EXERCISE REQUIREMENTS:
Make an exact copy of all the data, pictures excluded.

GIVEN DATA:
------------------------------------------------

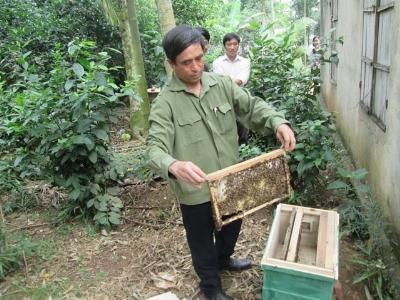 Tổ hợp tác nuôi ong giúp nhau làm giàu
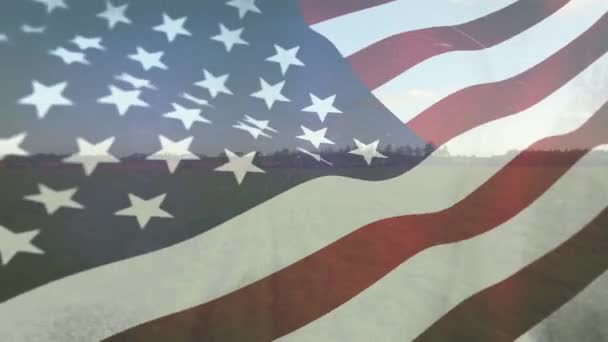 Цифровая Композиция Американского Флага Размахивающего Против Ветра Открытого Поля Заднем — стоковое видео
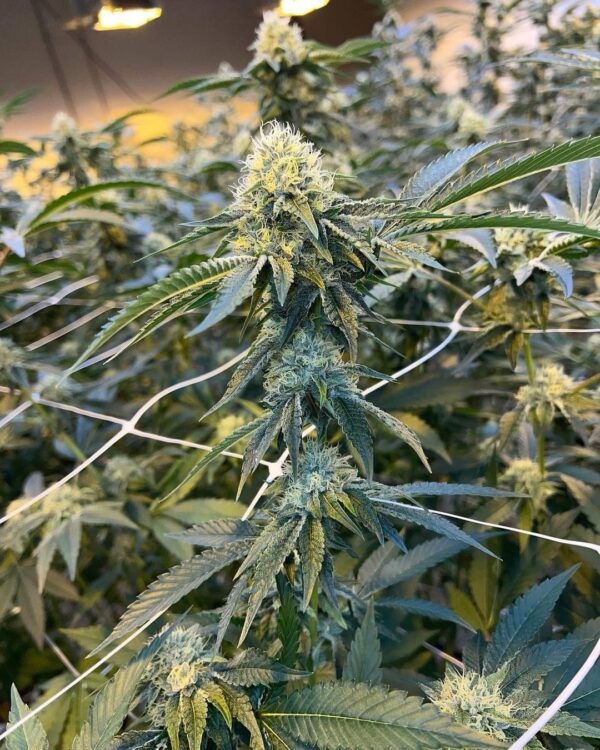 Soul OG ~ BOGO - Image 3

------------------------------------------------

COMPLETED EXERCISE:
 Tổ hợp tác nuôi ong giúp nhau làm giàu
 Цифровая Композиция Американского Флага Размахивающего Против Ветра Открытого Поля Заднем — стоковое видео
 Soul OG ~ BOGO - Image 3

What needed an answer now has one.